[[ GIVEN RECORDS, beginning ]]
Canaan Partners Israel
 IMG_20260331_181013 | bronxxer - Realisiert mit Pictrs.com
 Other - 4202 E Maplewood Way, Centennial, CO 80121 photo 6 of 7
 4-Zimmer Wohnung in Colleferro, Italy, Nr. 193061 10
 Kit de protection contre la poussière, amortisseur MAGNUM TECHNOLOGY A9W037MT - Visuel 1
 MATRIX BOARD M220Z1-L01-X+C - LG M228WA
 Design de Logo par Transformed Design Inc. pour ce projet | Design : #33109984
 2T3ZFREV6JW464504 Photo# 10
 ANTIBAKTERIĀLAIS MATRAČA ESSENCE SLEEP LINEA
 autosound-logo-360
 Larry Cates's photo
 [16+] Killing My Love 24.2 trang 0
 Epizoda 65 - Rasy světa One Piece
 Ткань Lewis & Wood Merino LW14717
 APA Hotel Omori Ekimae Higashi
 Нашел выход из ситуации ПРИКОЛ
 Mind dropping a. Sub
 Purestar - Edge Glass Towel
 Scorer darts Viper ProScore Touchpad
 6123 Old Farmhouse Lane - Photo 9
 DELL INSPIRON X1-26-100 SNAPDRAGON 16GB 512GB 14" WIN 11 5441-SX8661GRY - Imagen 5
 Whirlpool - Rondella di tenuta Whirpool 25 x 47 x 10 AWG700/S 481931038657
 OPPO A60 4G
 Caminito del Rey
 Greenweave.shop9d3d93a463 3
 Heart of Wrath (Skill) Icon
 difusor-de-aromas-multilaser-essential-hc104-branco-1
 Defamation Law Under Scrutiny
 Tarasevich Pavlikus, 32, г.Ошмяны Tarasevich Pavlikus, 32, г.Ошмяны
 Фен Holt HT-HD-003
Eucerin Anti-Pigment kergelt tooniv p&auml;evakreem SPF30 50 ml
[[ GIVEN RECORDS, end ]]
> _TASK TO CARRY OUT_: Set down, exactly and completely, all of the material.

> _WRITTEN SOLUTION_:
Canaan Partners Israel
 IMG_20260331_181013 | bronxxer - Realisiert mit Pictrs.com
 Other - 4202 E Maplewood Way, Centennial, CO 80121 photo 6 of 7
 4-Zimmer Wohnung in Colleferro, Italy, Nr. 193061 10
 Kit de protection contre la poussière, amortisseur MAGNUM TECHNOLOGY A9W037MT - Visuel 1
 MATRIX BOARD M220Z1-L01-X+C - LG M228WA
 Design de Logo par Transformed Design Inc. pour ce projet | Design : #33109984
 2T3ZFREV6JW464504 Photo# 10
 ANTIBAKTERIĀLAIS MATRAČA ESSENCE SLEEP LINEA
 autosound-logo-360
 Larry Cates's photo
 [16+] Killing My Love 24.2 trang 0
 Epizoda 65 - Rasy světa One Piece
 Ткань Lewis & Wood Merino LW14717
 APA Hotel Omori Ekimae Higashi
 Нашел выход из ситуации ПРИКОЛ
 Mind dropping a. Sub
 Purestar - Edge Glass Towel
 Scorer darts Viper ProScore Touchpad
 6123 Old Farmhouse Lane - Photo 9
 DELL INSPIRON X1-26-100 SNAPDRAGON 16GB 512GB 14" WIN 11 5441-SX8661GRY - Imagen 5
 Whirlpool - Rondella di tenuta Whirpool 25 x 47 x 10 AWG700/S 481931038657
 OPPO A60 4G
 Caminito del Rey
 Greenweave.shop9d3d93a463 3
 Heart of Wrath (Skill) Icon
 difusor-de-aromas-multilaser-essential-hc104-branco-1
 Defamation Law Under Scrutiny
 Tarasevich Pavlikus, 32, г.Ошмяны Tarasevich Pavlikus, 32, г.Ошмяны
 Фен Holt HT-HD-003
Eucerin Anti-Pigment kergelt tooniv p&auml;evakreem SPF30 50 ml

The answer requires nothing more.